━━━ Listed records

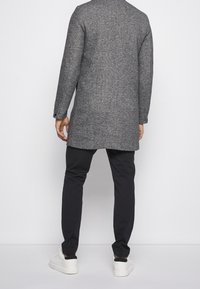 Grau melierter Wollmantel mit langen Ärmeln und Rückenschlitz, kombiniert mit schwarzen Nadelstreifenhosen und weißen Turnschuhen.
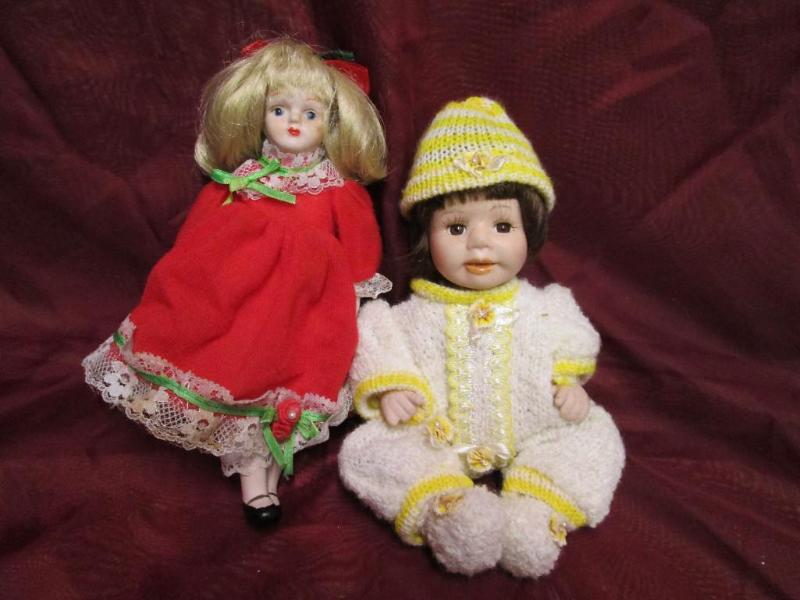 lot 81 image: Pair of vintage porcelain dolls in ...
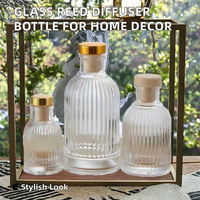 Bouteille diffuseur de parfum ronde en verre pour décoration intérieure 50ml/100ml/200ml avec bouchon en liège et impression sérigraphiée pour huile aromatique vide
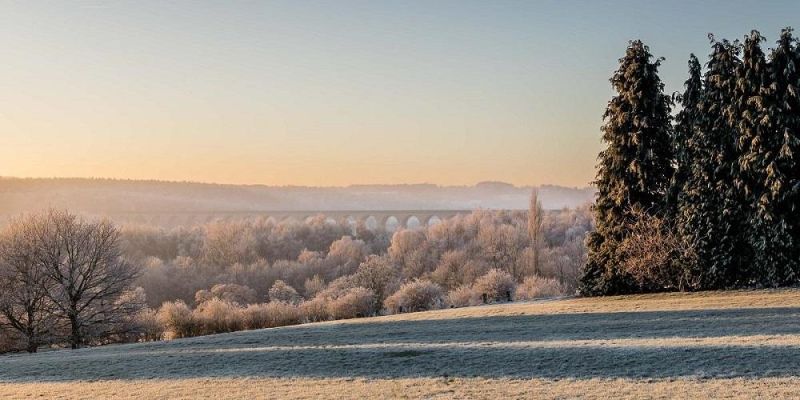 The Crimple Valley viaduct, viewed from across fields and treetops on a frosty day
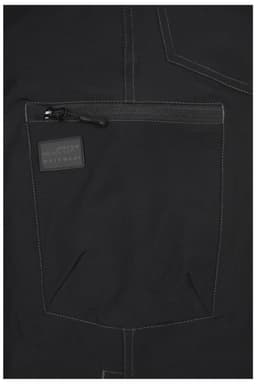 A close-up of black workwear pants featuring a zip pocket and contrasting stitching, with a logo on the pocket.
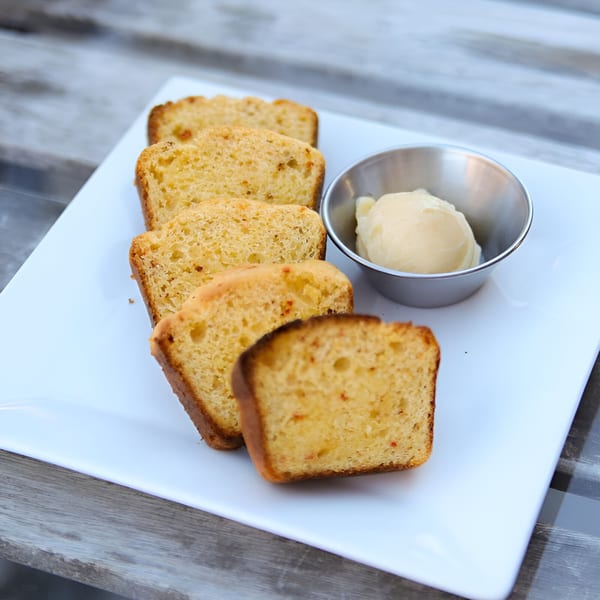 Slices of golden cornbread and a small metal cup of butter on a white rectangular plate.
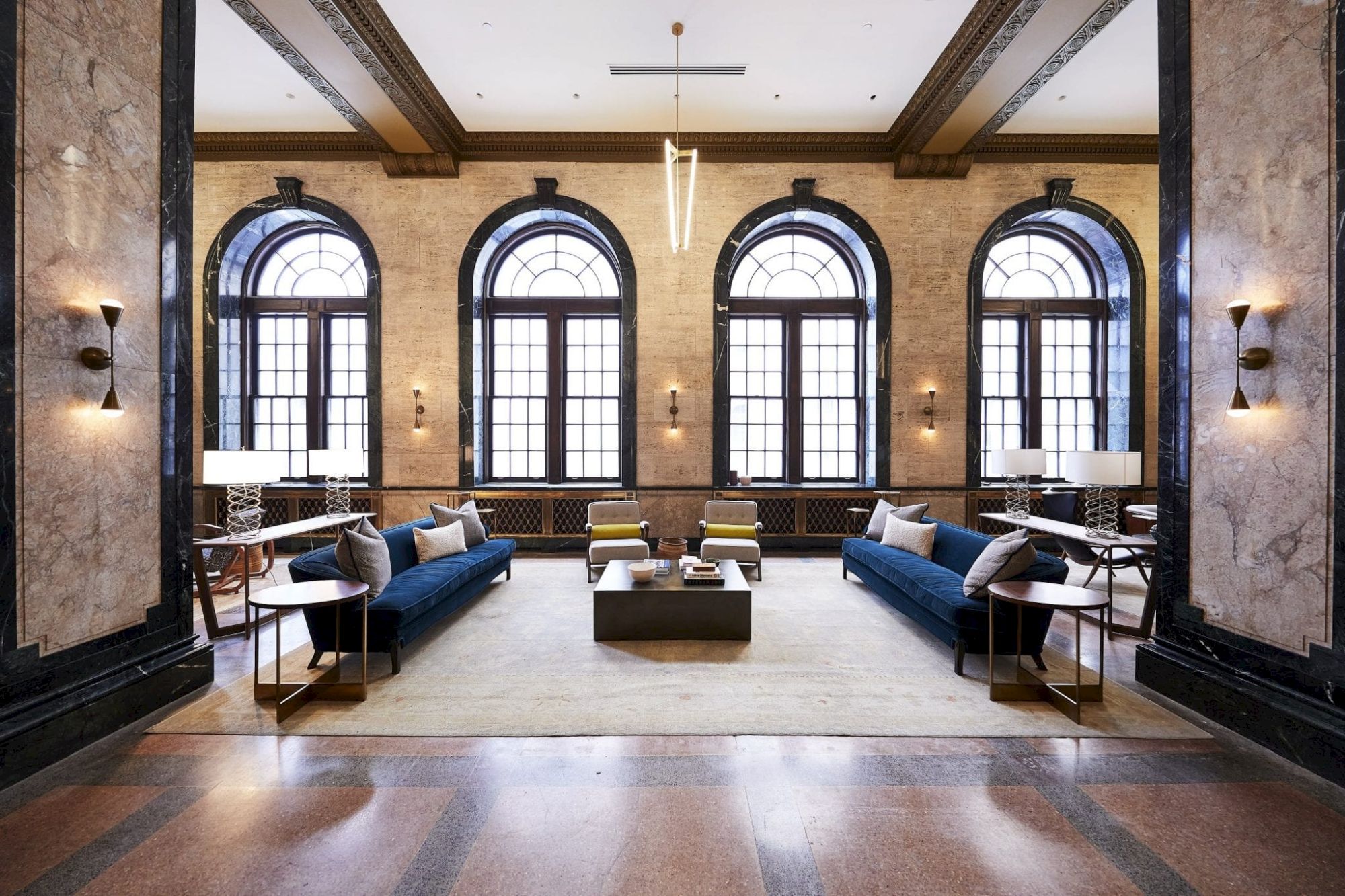 A spacious, elegant room features large arched windows, two blue sofas, chairs, a central coffee table, and decorative lighting.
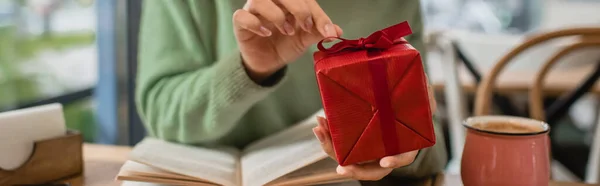 Vista ritagliata della donna afro-americana tirando nastro sulla scatola regalo di Natale rosso in caffè, banner — Foto stock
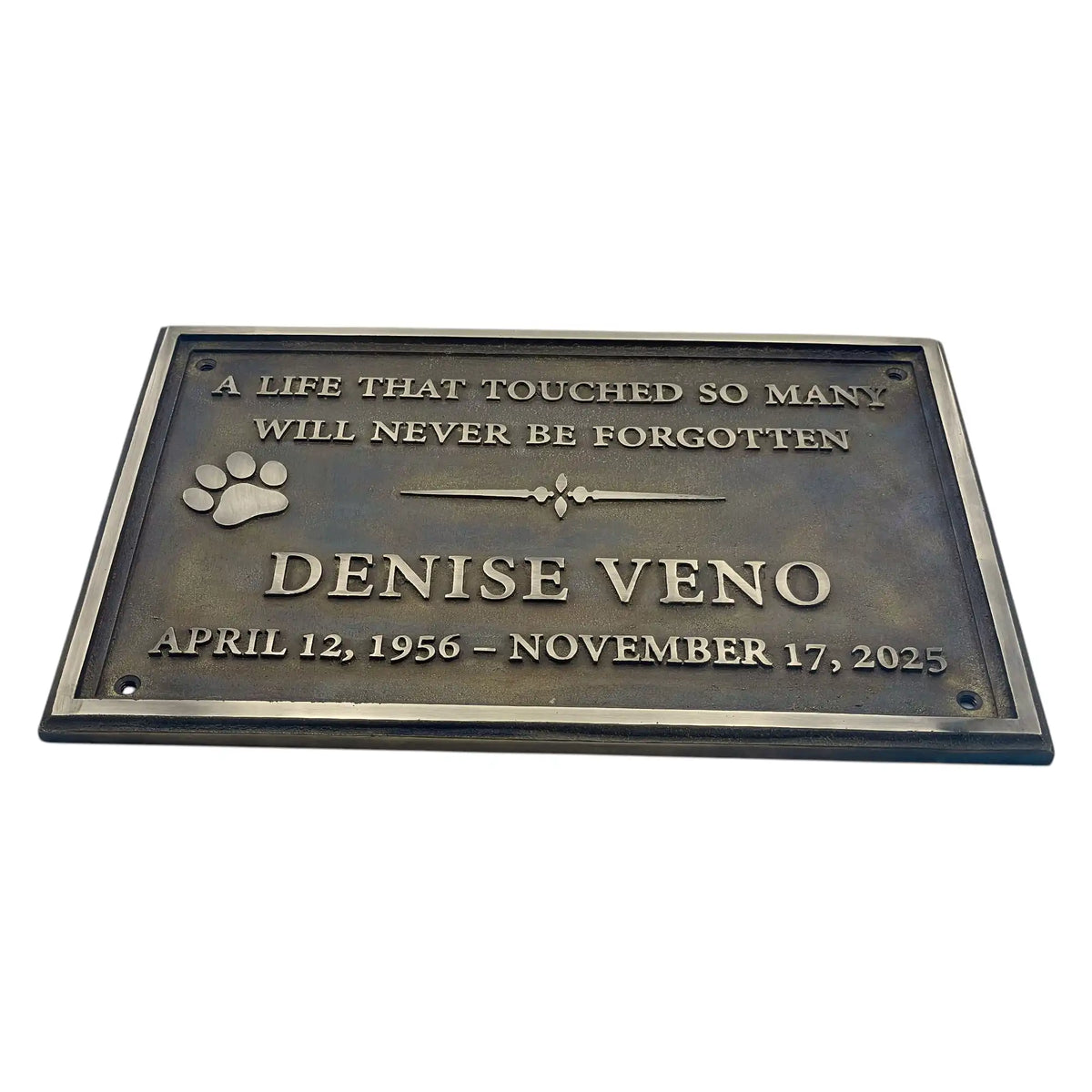 Memorial plaque for Denise Veno with text and paw print on a white background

━━━━━━

An exact transcription is needed of the lines from the one with "Slices of golden" to the one with "A spacious, elegant" above, both ends included, with pictures left out.

 Slices of golden cornbread and a small metal cup of butter on a white rectangular plate.
 A spacious, elegant room features large arched windows, two blue sofas, chairs, a central coffee table, and decorative lighting.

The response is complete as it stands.